Parallel programming in Python

Johan Hidding
Netherlands eScience Center
8 min readJan 6, 2020

Part 1: Killing the GIL, Combining Dask and Numba for Parallel Number-Crunching in Python

This blog-post is co-authored by Pablo Rodríguez-Sánchez.

Photo by Randy Fath on Unsplash

Have you ever been in a hurry to complete a task? Most likely yes. There are two ways of minimizing your time spent on problems: one of them is to run faster… and the other one is to ask for help.

In many cases where the task is number crunching on a computer, programmers will move from a prototype in Python to a faster implementation in a different language (C++, Fortran or whatever). But what about Python itself? We will show that often it is not needed to move to C++ just for more performance. We solve our problem with Numba and Dask. Using these libraries in tandem make Python into a parallel number-crunching power-house.

Parallel vs serial

Conceptually, a computer is a machine that processes tasks. No more and no less. Most modern computers, including personal laptops, have many cores. Each core can process a task independently of the rest.

Most often, we use computers to perform collections of tasks. If those tasks are performed one after the other, we are talking about serial computation (see first figure).

If at least some tasks can be performed simultaneously (as in the second figure), we are talking about parallel computation. By assigning one task to each core, we roughly multiply by 3 the speed of the whole process.

Pea soup and task parallelization

Here’s a recipe for Dutch snert (it sounds even funnier when pronounced in English!), as it is given by one of the larger chains of supermarkets in the Netherlands (translated by Google’s translator app):

If you look closely, it says at point 2 “Gently simmer in about 60 minutes”, followed by point 3, telling you to cut vegetables and point 4 & 5, adding the vegetables to the soup. Any reasonable cook would cut the vegetables while the soup is gently simmering for about 60 minutes. Most traditional computer languages lack the power to express this idea succinctly, and will not optimise these tasks. We can do it, but we need to pull some tricks out of a hat. We will show how this can be done in Python using Dask.

We put the recipe in terms of Python functions, and make sure all our functions are pure: they only take arguments and give back a new result.
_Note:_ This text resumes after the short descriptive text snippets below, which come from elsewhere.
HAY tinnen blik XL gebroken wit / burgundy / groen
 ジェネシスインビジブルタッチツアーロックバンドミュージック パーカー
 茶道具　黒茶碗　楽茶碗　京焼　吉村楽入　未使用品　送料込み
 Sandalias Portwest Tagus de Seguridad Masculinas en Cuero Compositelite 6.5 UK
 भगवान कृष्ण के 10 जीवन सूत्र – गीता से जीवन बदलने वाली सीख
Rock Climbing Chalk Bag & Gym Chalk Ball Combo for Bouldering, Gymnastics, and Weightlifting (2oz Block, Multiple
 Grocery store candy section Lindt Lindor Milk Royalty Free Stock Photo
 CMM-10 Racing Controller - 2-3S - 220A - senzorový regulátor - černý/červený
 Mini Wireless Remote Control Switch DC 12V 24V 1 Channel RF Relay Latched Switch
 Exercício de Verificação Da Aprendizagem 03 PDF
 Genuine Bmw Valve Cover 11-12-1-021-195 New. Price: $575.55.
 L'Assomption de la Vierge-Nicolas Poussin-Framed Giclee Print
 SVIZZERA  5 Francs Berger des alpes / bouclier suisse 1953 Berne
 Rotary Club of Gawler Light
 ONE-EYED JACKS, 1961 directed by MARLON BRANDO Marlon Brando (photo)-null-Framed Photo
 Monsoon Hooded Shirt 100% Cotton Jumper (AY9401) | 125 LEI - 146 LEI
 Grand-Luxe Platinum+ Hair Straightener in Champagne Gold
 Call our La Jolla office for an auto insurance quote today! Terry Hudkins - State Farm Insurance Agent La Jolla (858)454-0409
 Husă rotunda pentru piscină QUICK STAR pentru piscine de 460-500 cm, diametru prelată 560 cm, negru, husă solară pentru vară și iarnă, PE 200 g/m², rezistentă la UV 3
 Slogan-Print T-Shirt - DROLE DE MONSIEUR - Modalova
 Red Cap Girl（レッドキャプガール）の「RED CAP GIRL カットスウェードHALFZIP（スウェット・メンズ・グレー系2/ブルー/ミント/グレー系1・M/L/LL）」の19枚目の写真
Pure functions do not mutate a variable.

from dask import delayed
from pint import UnitRegistry, Quantity
units = UnitRegistry()
# Always use units, or else: (https://en.wikipedia.org/wiki/Mars_Climate_Orbiter#Cause_of_failure)

To add vegetables to the pan, we define the add_vegetable action:

@delayed
def add_vegetable(pan: Container, ingredient) -> Container:
return pan + [ingredient]

Assuming the pan is a list of ingredients that went into the soup this creates a new pan with the ingredient added. Similarly we can simmer and cut vegetables:

@delayed
def simmer(pan: Container, time: Quantity) -> Container:
print(“simmering for {:~P}”.format(time))
return pan
@delayed
def cut_vegetable(ingredient):
return “sliced “ + ingredient

Given these actions we can write down the recipe (in reduced form):

def snert(pan):
pan = add_vegetable(pan, “peas”)
pan = simmer(pan, 60*units.min)
veggies = cut_vegetable(“vegetables”)
pan = add_vegetable(pan, veggies)
pan = simmer(pan, 20*units.min)
return pan

Notice that each action is decorated with @delayed to tell Python that this is a task within a recipe. However the recipe itself is not decorated. Dask builds the recipe from the elemental actions that we provide it with.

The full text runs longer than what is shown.